# 数据合并

合并``polish``文件夹下的JSON文件。

In [1]:
import json

# 合并两个文件
files = [
    'polish/原质监总局地理标志保护产品批准公告.json',
    'polish/国家知识产权局地理标志保护产品批准公告.json',
]

products = []

for file in files:
    with open(file, 'r', encoding='utf-8') as f:
        products.extend(json.load(f))

with open('products.json', 'w', encoding='utf-8') as f:
    json.dump(products, f, ensure_ascii=False, indent=4)

print(f"合并后总条目数: {len(products)}")
print(f"结果已保存为至 products.json")

合并后总条目数: 4567
结果已保存为至 products.json


# 数据清洗

对``product_name``、``province``、``city``三个字段均相同的产品进行去重。

In [2]:
import json

# 读取原始数据
with open('products.json', 'r', encoding='utf-8') as f:
    products = json.load(f)

# 使用集合记录已见过的 (product_name, province, city) 组合
seen = set()
unique_products = []

for product in products:
    name = product.get("product_name")
    province = product.get("province")
    city = product.get("city")
    
    # 构建唯一键：三元组
    key = (name, province, city)
    
    if key not in seen:
        seen.add(key)
        unique_products.append(product)

# 输出统计信息
print(f"原始条目数: {len(products)}")
print(f"去重后条目数: {len(unique_products)}")

# 保存清洗结果
with open('products.json', 'w', encoding='utf-8') as f:
    json.dump(unique_products, f, ensure_ascii=False, indent=2)

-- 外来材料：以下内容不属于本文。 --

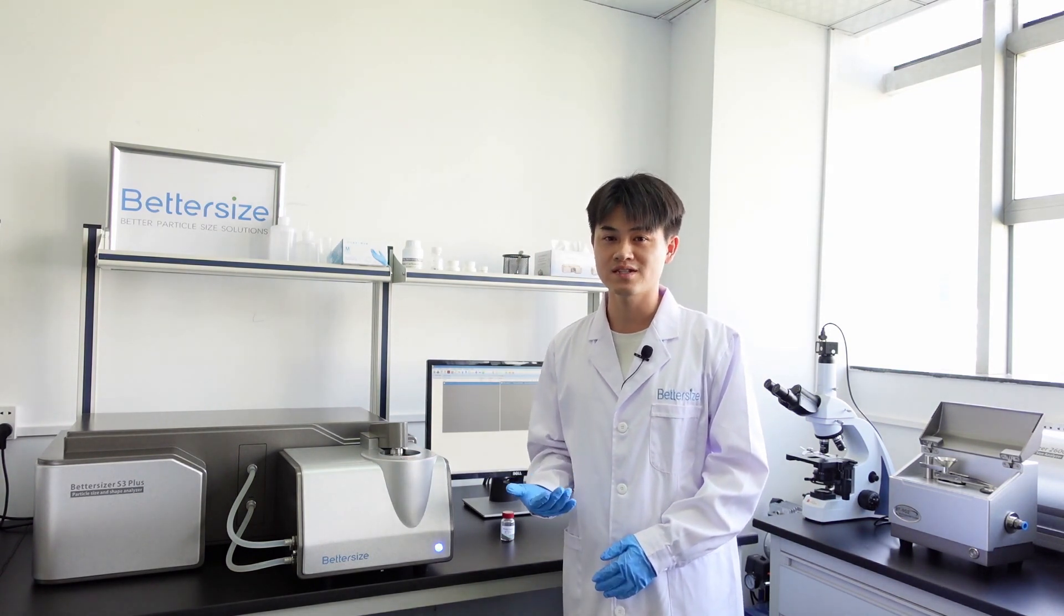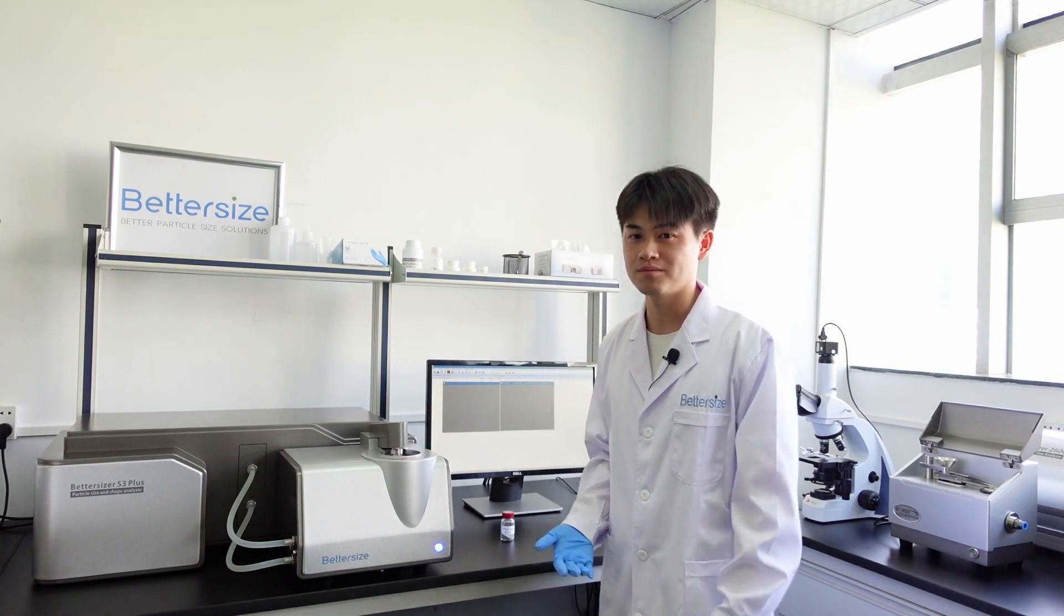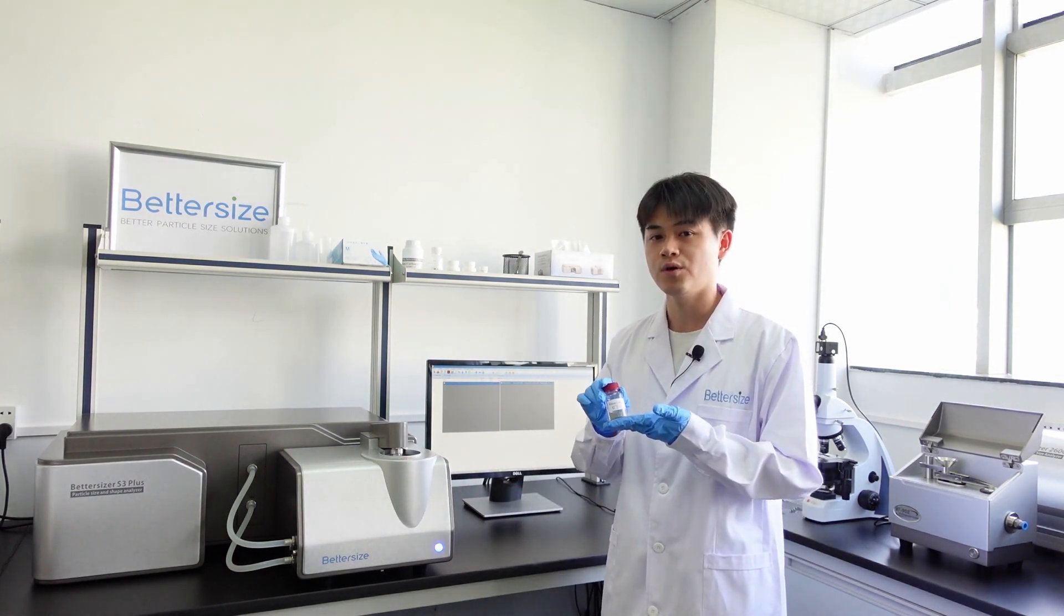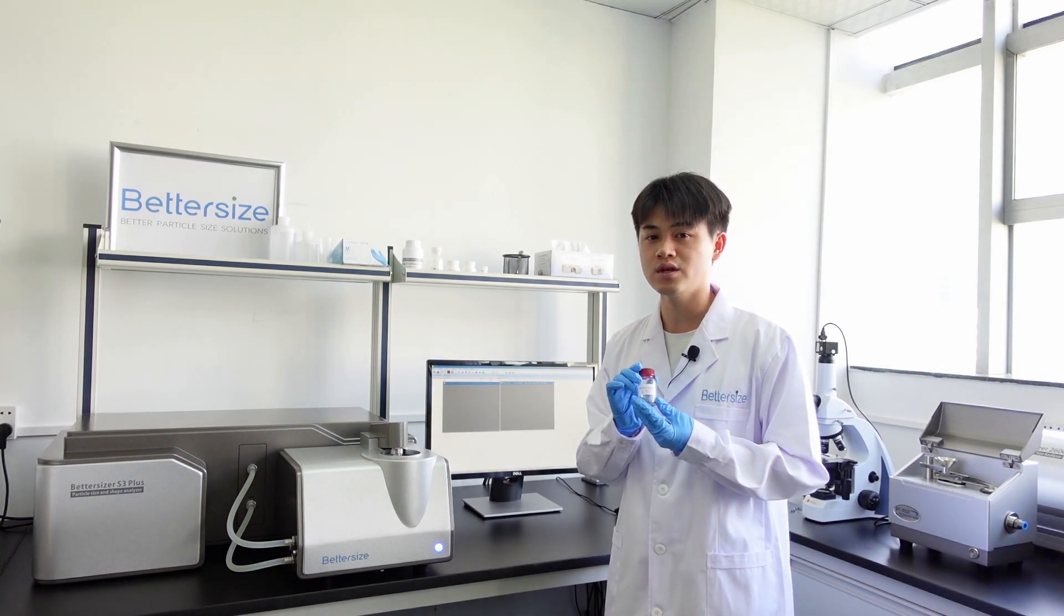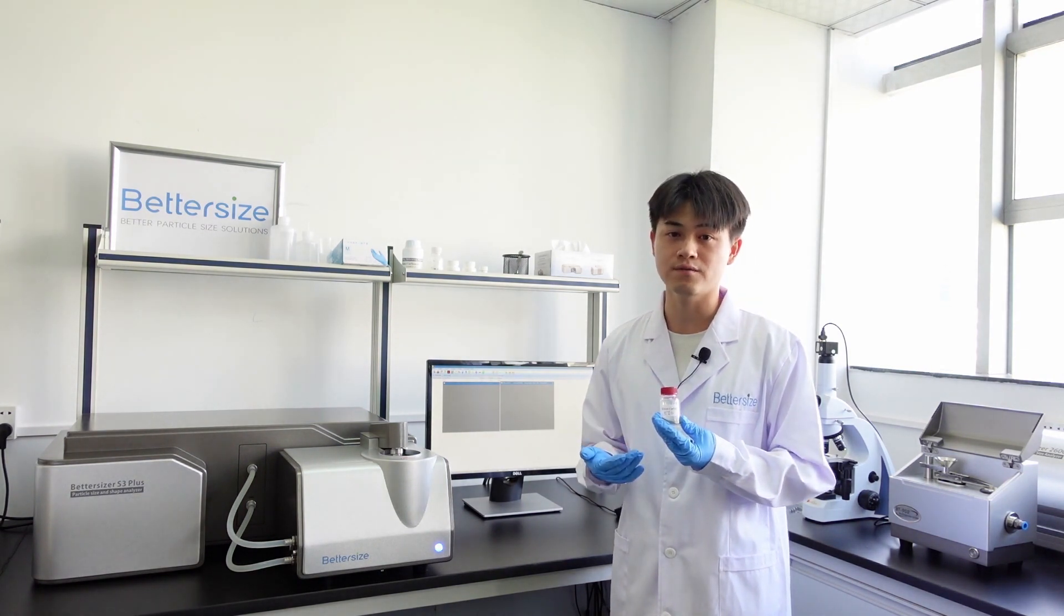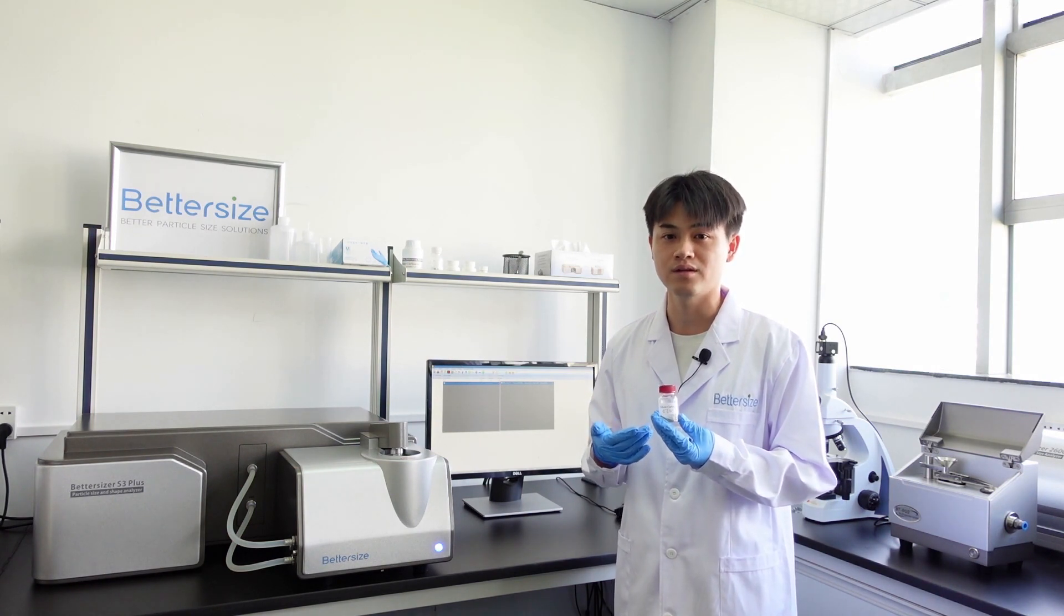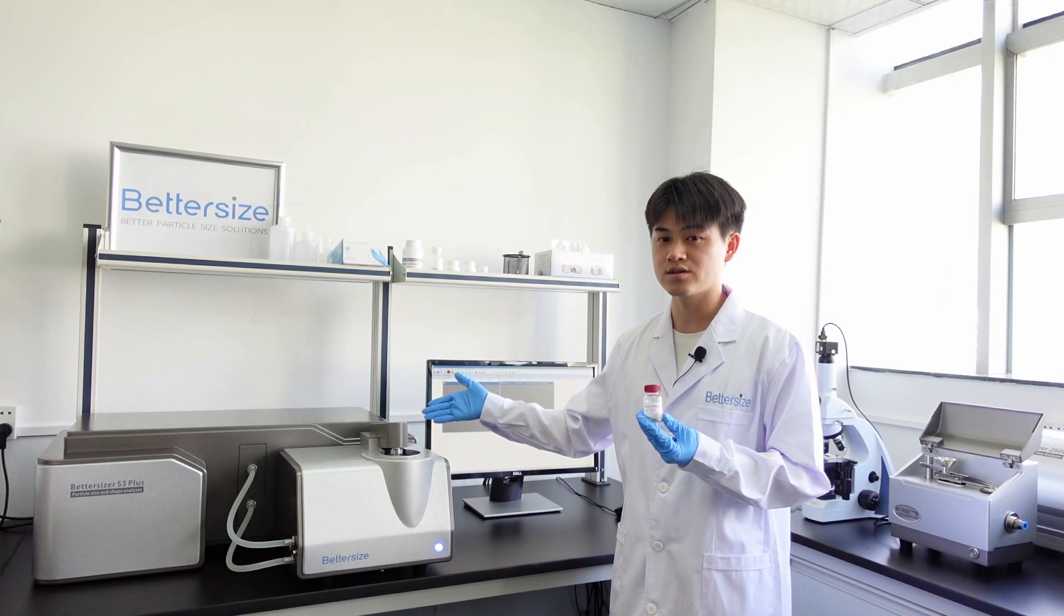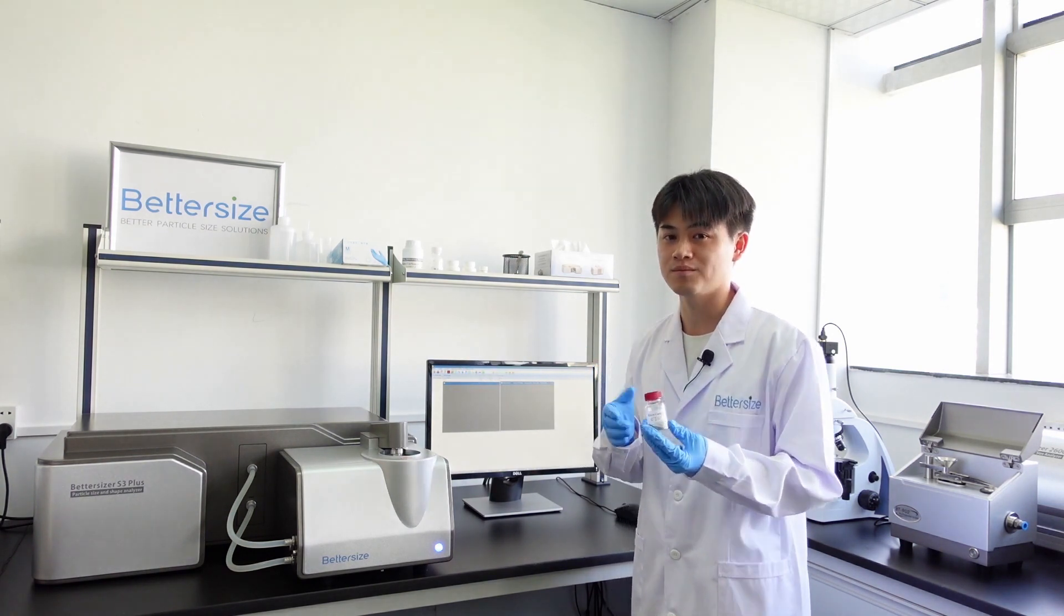Let me show you what the Betasizer F3+ can offer you by measuring a sample. This is one of the samples sent back to our lab. The composition is silicon carbide, which is a commonly used abrasive as well as a typical semiconductor material. Today, I'm going to use the Betasizer F3+ to measure its particle size and shape as a demo.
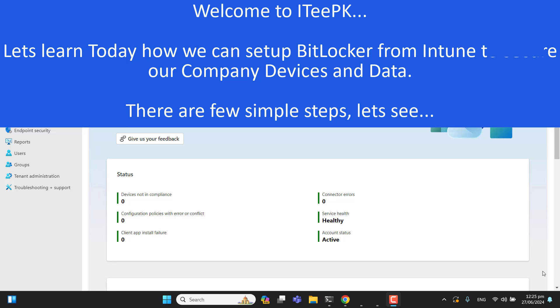Welcome to my YouTube channel. Today we will learn how we can deploy BitLocker to our computers or devices from Intune. BitLocker helps us to secure and encrypt our organization data and plays an important role in security. So if you haven't configured or deployed BitLocker for your organization via Intune, you must do it first.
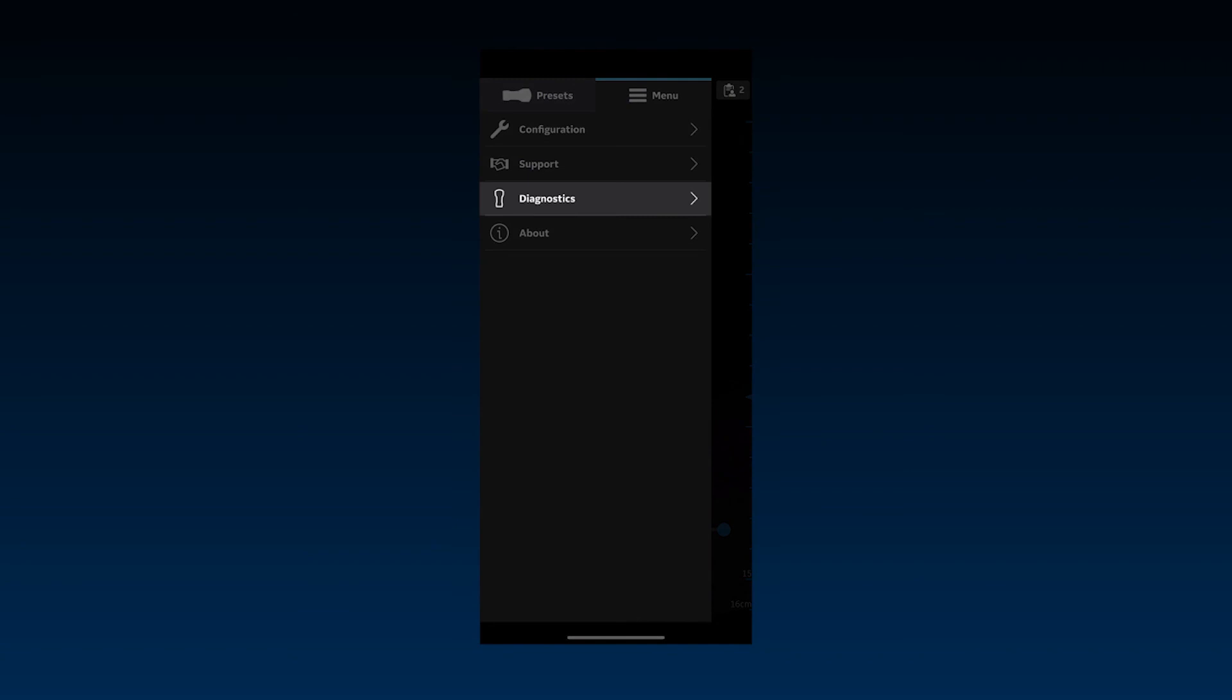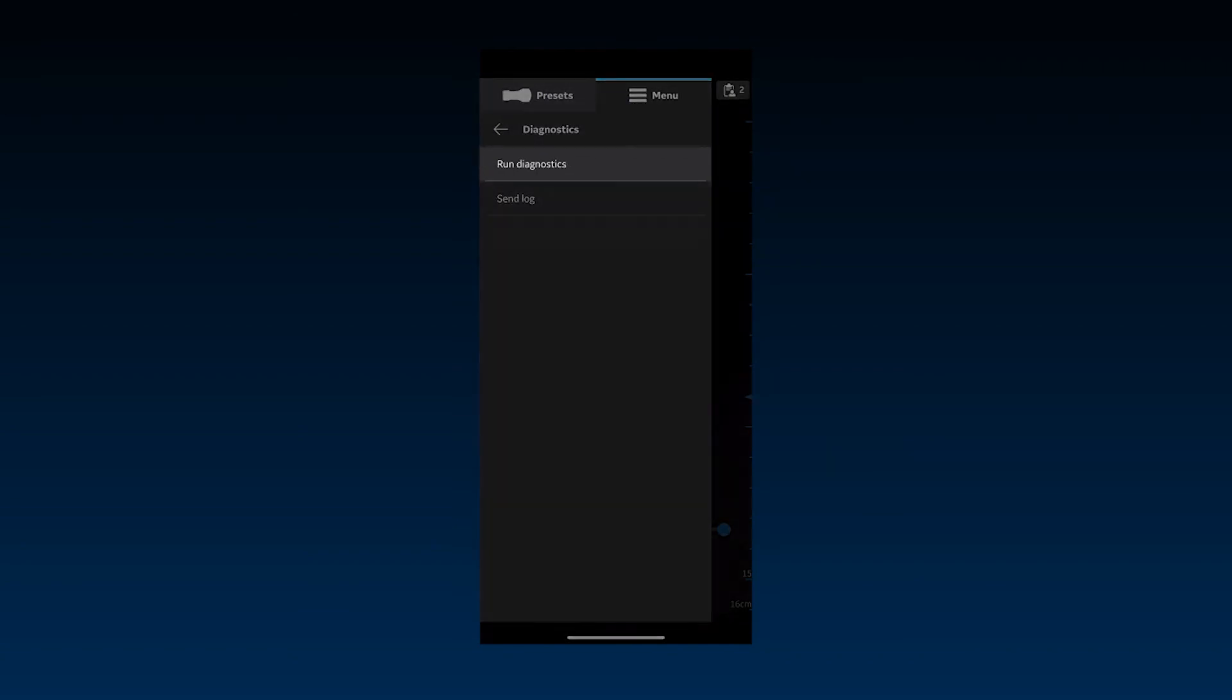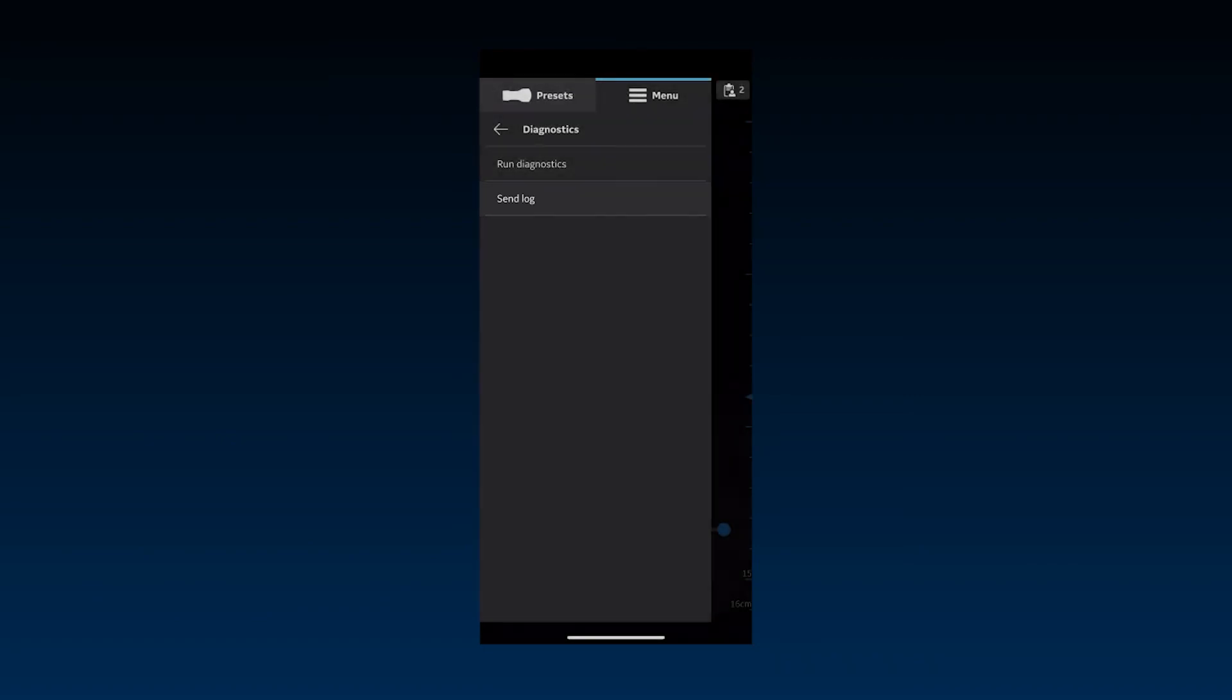The Diagnostics option allows you to run functional tests on the vScan Air and send system logs to GE Healthcare for more detailed remote analysis.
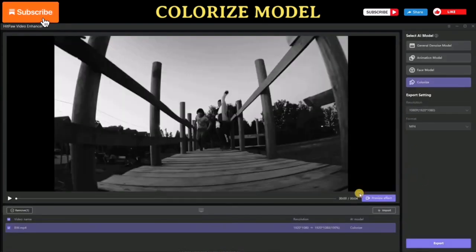Once everything is set, click on the export button to start the process. This AI video enhancer's general model improves video quality by removing noise from videos and making them clear and pristine. Here is the output from this enhancement AI model.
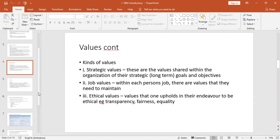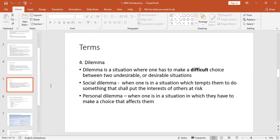Then we have ethical values — this is what upholds someone to be who they are as an individual. You might have two managers: one has transparency and the other does not. You'll find that one is more open to employees, likely to tell them the truth about the situation in the organization, while the other prefers to keep information to himself. This is at a personal level. So those are the three types of values: strategic, job, and ethical values.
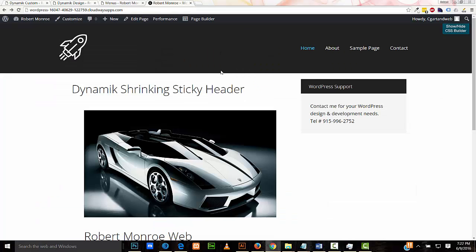I hope you've enjoyed this tutorial. I'll have a link in the description of this video for the code used in this tutorial. I'm Robert with Robert Monroe Website Design and Development and BeaverRocket.com. Thank you for watching.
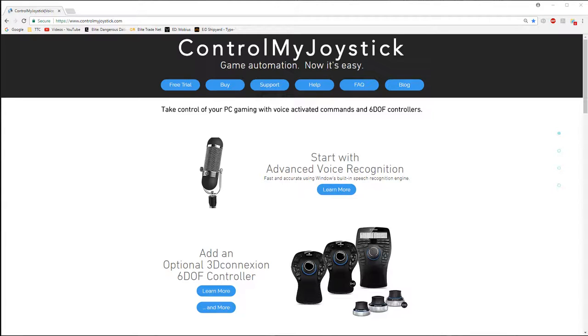Hello there, this is Russ Bucher from Tetherscript Technology Corporation. I'm the developer of ControlMyJoystick. ControlMyJoystick is a game automation utility that runs on Windows PCs.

print("清洗完成！结果已保存为 products.json")

原始条目数: 4567
去重后条目数: 4404
清洗完成！结果已保存为 products.json


清洗非中国产品。

In [3]:
import os
os.chdir(os.getcwd())

import json

# 中国所有省级行政区（含港澳台）
CHINA_PROVINCES = {
    "北京市", "天津市", "上海市", "重庆市",
    "河北省", "山西省", "辽宁省", "吉林省", "黑龙江省",
    "江苏省", "浙江省", "安徽省", "福建省", "江西省",
    "山东省", "河南省", "湖北省", "湖南省", "广东省",
    "海南省", "四川省", "贵州省", "云南省", "陕西省",
    "甘肃省", "青海省", "台湾省",
    "内蒙古自治区", "广西壮族自治区", "西藏自治区",
    "宁夏回族自治区", "新疆维吾尔自治区",
    "香港特别行政区", "澳门特别行政区"
}

# 读取文件
with open('products.json', 'r', encoding='utf-8') as f:
    products = json.load(f)

# 过滤：province 非空 且 属于中国
filtered_data = [
    item for item in products
    if item.get("province")  # 非空（排除 None, "", 等 falsy 值）
    and item["province"] in CHINA_PROVINCES
]

# 输出或保存
print(f"原始条目数: {len(products)}")
print(f"过滤后条目数: {len(filtered_data)}")

# 可选：写入新文件
with open('products.json', 'w', encoding='utf-8') as f:
    json.dump(filtered_data, f, ensure_ascii=False, indent=2)

print("已保存到 products.json")

原始条目数: 4404
过滤后条目数: 4400
已保存到 products.json